Choubey also said that the BSF is now coordinating with the Narcotics Control Bureau and the Punjab Police to check the problem. “In an ongoing project the BSF is shifting the barbed wire fence in a 20 km stretch of the India-Pakistan border in Gurdaspur close to the international border to check the smuggling of contraband”.
Sharing the ambitious plan of safeguarding the nearly 35 km long riverine areas along the border, Choubay said, “No one gazette or technology is enough for these riverines to effectively check the influx of drugs as well as infiltrators. The topography is very different when compared to other borders in India or the world known for smuggling, such as Mexico, where under-water drug tunnels or scuba divers are also engaged for smuggling.
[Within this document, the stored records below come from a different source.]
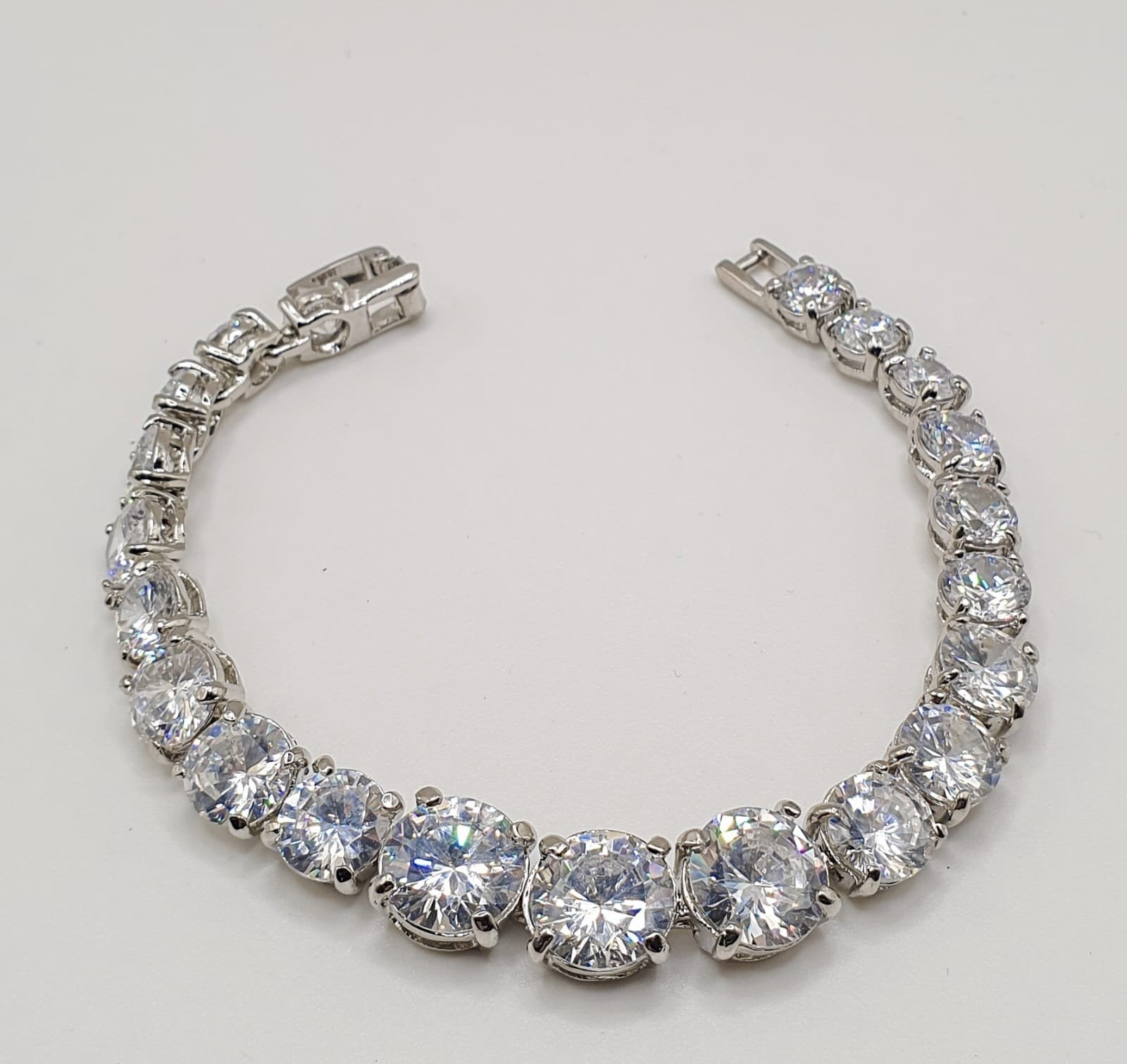 Tennisarmband met Swarovski kristal - NIEUW, Met kristal, Overige materialen, Nieuw, Ophalen of Verzenden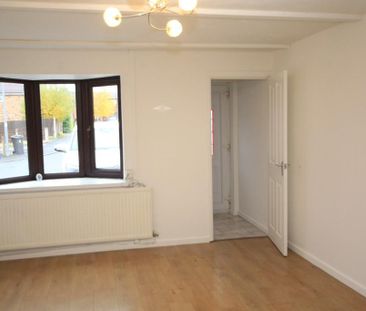 2 bedroom semi-detached house to rent - Photo 2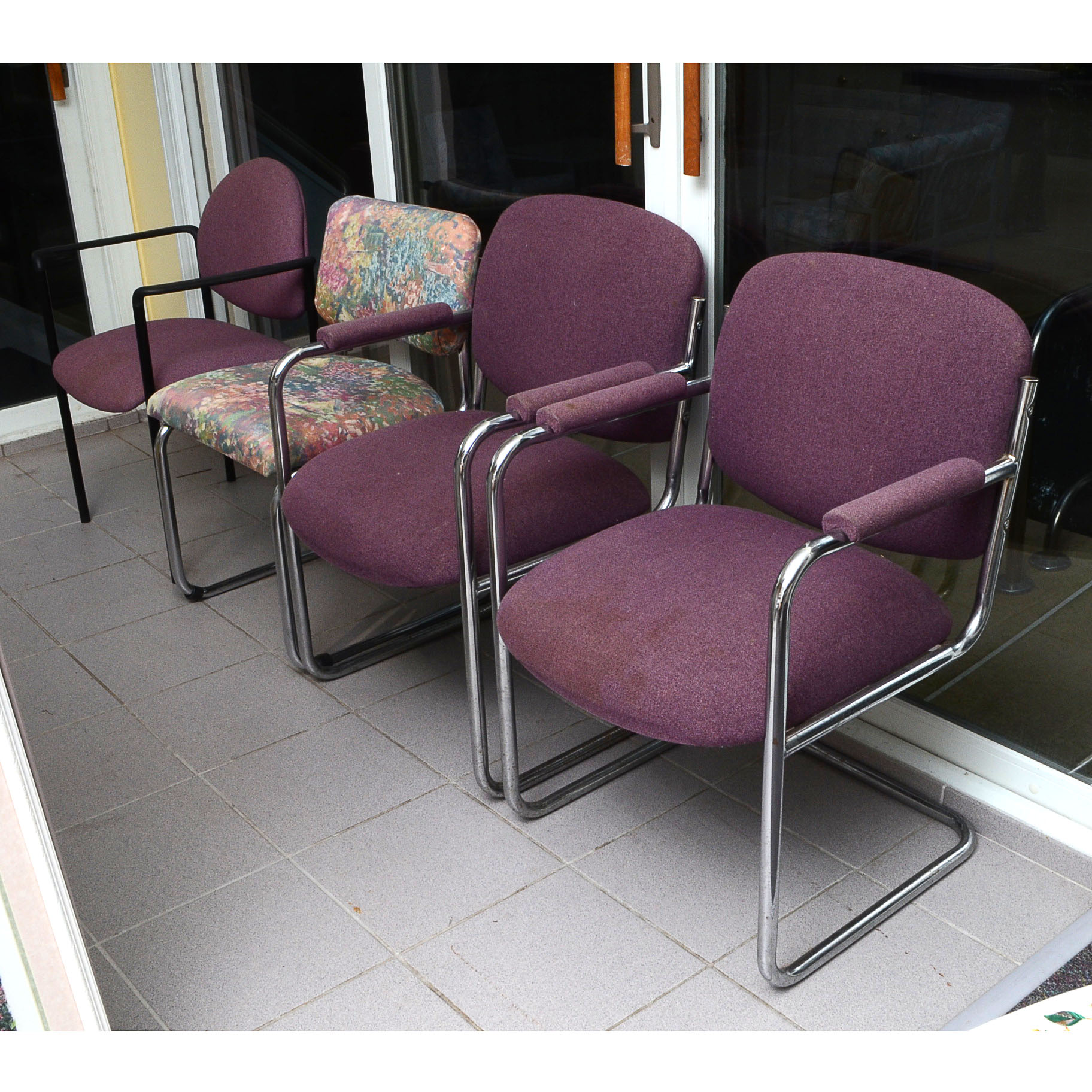 Collection of Modern Style Office Chairs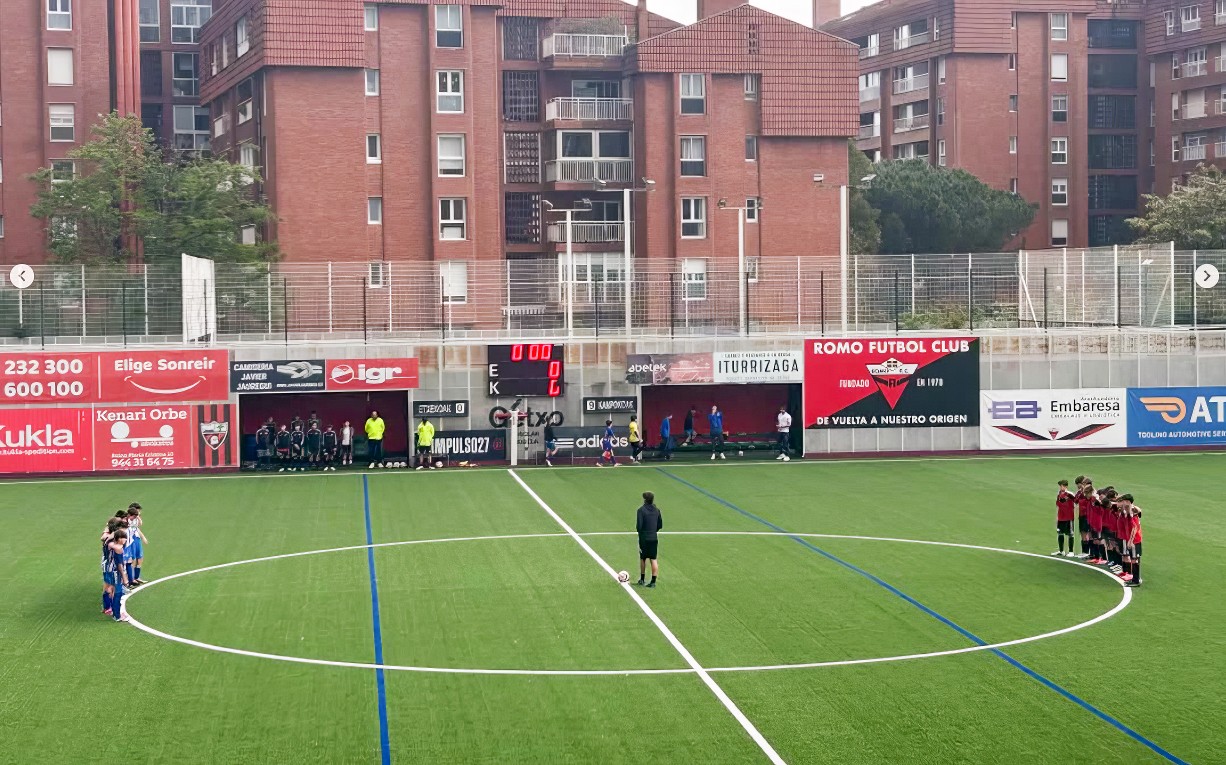 Romoko Futbol Klubeko entrenatzaile bat atxilotu dute adingabeen aurkako ustezko sexu-delituengatik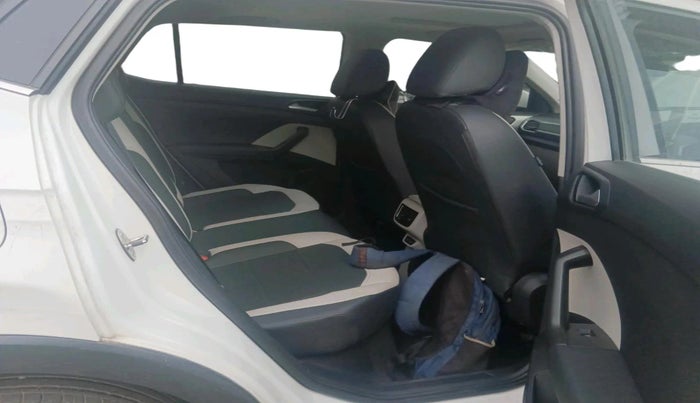 2024 Volkswagen TAIGUN GT PLUS 1.5 TSI DSG, Petrol, Automatic, 19,198 km, interior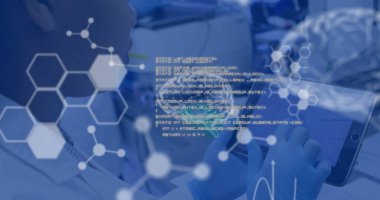 İnsan beyni görüntüsü ve Asyalı kadın bilim adamı üzerinde bilimsel veri işleme. Küresel bilim, bağlantılar, hesaplama ve veri işleme kavramı dijital olarak oluşturulmuş görüntü.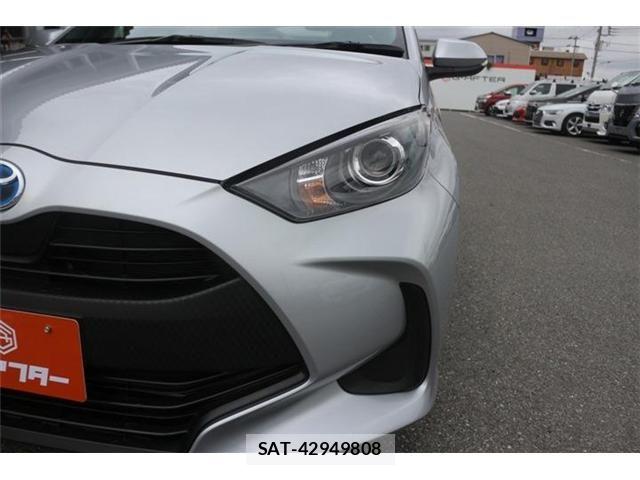 Toyota YARIS 2023-08 7621677-21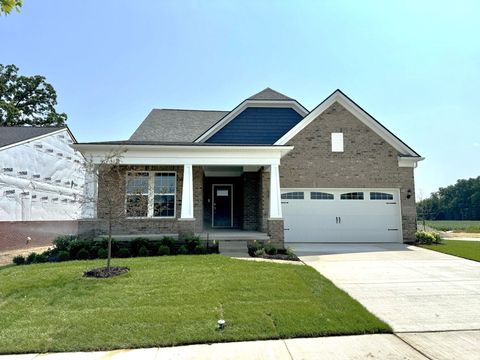 Single Family Residence in Canton_Wayne MI 5121 Addington Street.jpg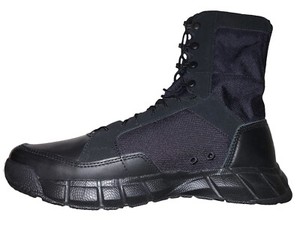 Oakley Lightweight Boots for Men for 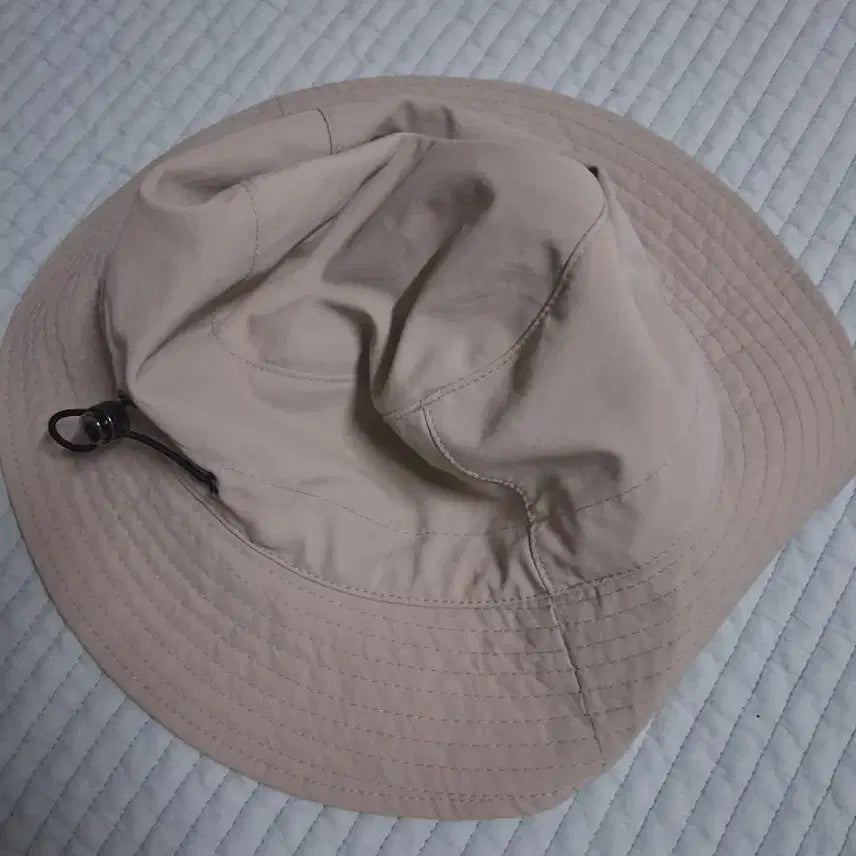 [BUNJANG] Beige Wide Brim Bucket Hat / 베이지색 버킷햇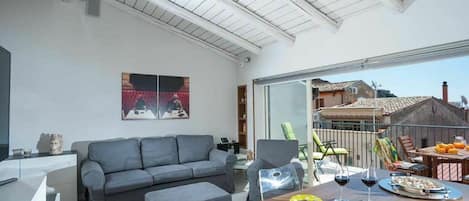 Balcony / Terrace / Patio, Living Room, Scenic View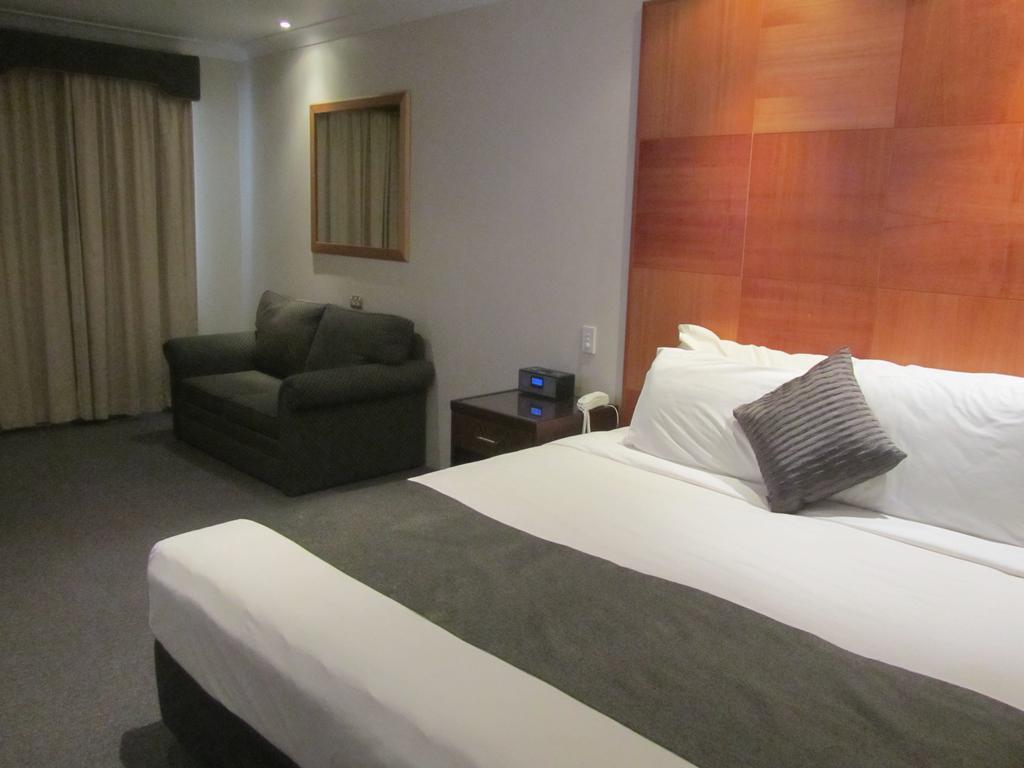 Best Western Plus Гоулберн Екстериор снимка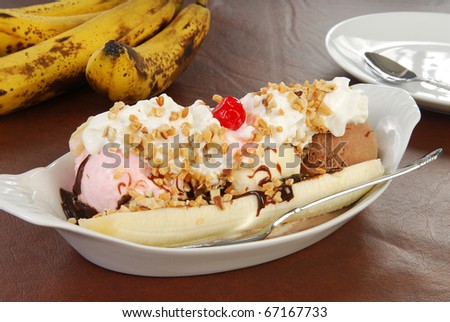 A banana split with yogurt ice cream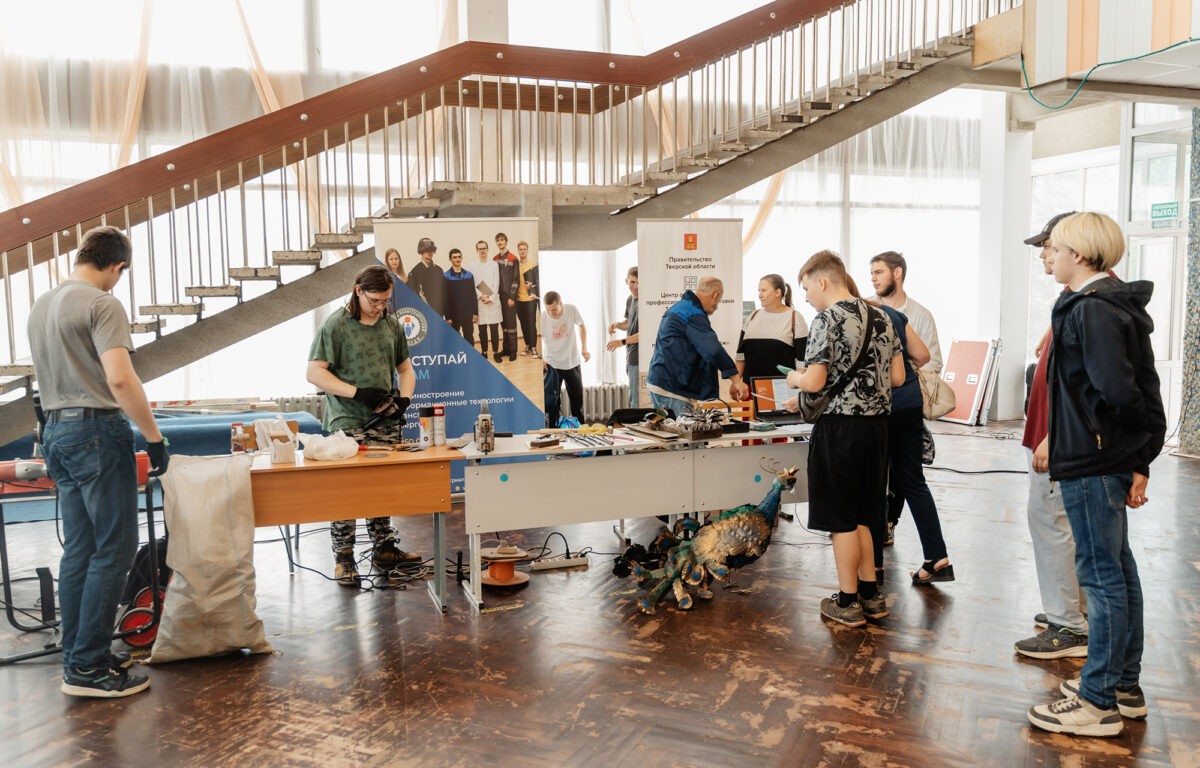 В Тверской области прошла ярмарка трудоустройства «Работа России. Время возможностей»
Such attempts cannot be executed here and we are ensuring a multi-tier vigil, including (patrolling) by armed BSF personnel and high tech safety walls for detection of any intruders.”
A number of challenges exist when it comes to curbing smuggling, including rehabilitation of drug couriers bringing in the contraband to villages within 15 km of the India-Pakistan border in Punjab, BSF officials say.
An official not wanting to be named as he is not authorized to speak to the media, says a lot more needs to be done to prevent entry of drugs into India. “It’s very simple. The drugs on the other side of the border are cheap and find a good price here. We have farmers tilling the land across the barbed wire and a lot of farm labour, too, is employed. Checking for a needle in the haystack is impossible, as is searching the harvested crops being transported in the state in trucks and tractors.”